- Born: 1 November 1978 (age 47) Cambridge, England
- Education: Creative Writing MA
- Alma mater: Anglia Ruskin University
- Occupations: Novelist, singer, songwriter, screenwriter
- Writing career
- Genre: Young-adult novels
- Notable work: The Rock 'n' Roll Diaries series

= Jamie Scallion =

British writer and songwriter

Jamie Scallion (born 1 November 1978) is a British singer, songwriter, screenwriter and author. Best known for being the lead singer of Officer Kicks and the writer of The Rock 'n' Roll Diaries.

==Early life==
Scallion grew up in Greenwich, South East London and as the lead singer of the cult London rock band Officer Kicks played and recorded for over ten years, touring with some of the biggest names in the music industry.

===Officer Kicks===
Noel Gallagher gave the band its first break after he heard an early demo in 2001. They went on to record their debut album at his residential studio in Buckinghamshire, Wheeler End. They toured with bands including Ocean Colour Scene, Jack Penate, The View, The Hoosiers, Juliette Lewis, The Rifles and The Script. In 2008, they headlined the Late and Live stage at Glastonbury, the BBC Introducing stage at Bestival and the main stage of the Secret Garden Party.
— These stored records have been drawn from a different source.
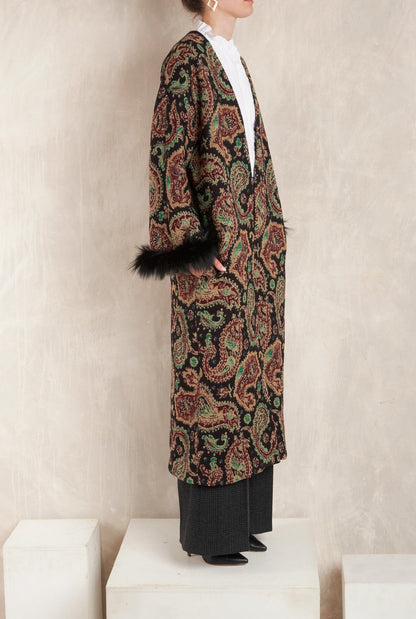 ABRIGO PAISLEY NEGRO Coats Philippa 1970 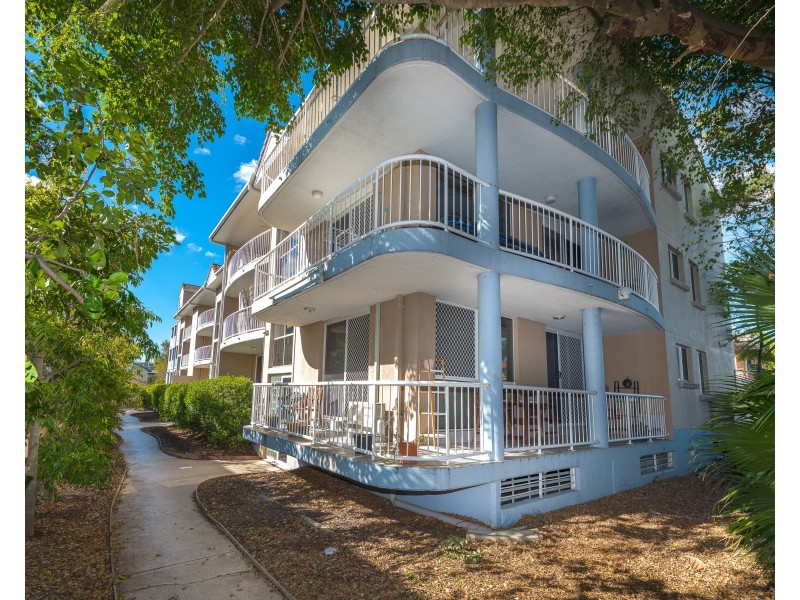 7/111 Frank Street, Labrador QLD 4215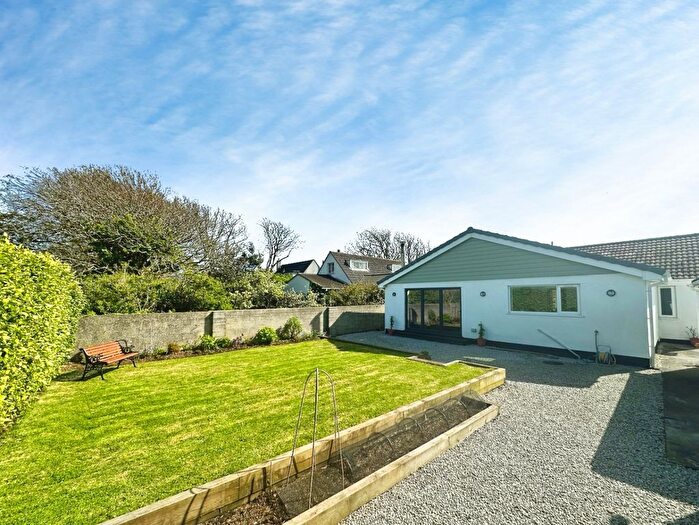 3 Bedroom Detached Bungalow For Sale In Mullion, Beautifully Presented Detached Bungalow, TR12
They toured extensively after releasing their second album in 2010. Performing over one hundred shows worldwide. Including a UK and Ireland tour with The Script, a European tour with Juliette Lewis and festivals including Peace and Love, Benicassim and Sonisphere. The band garnered a dedicated live following in the UK and Ireland and were championed and playlisted by the radio station XFM multiple times.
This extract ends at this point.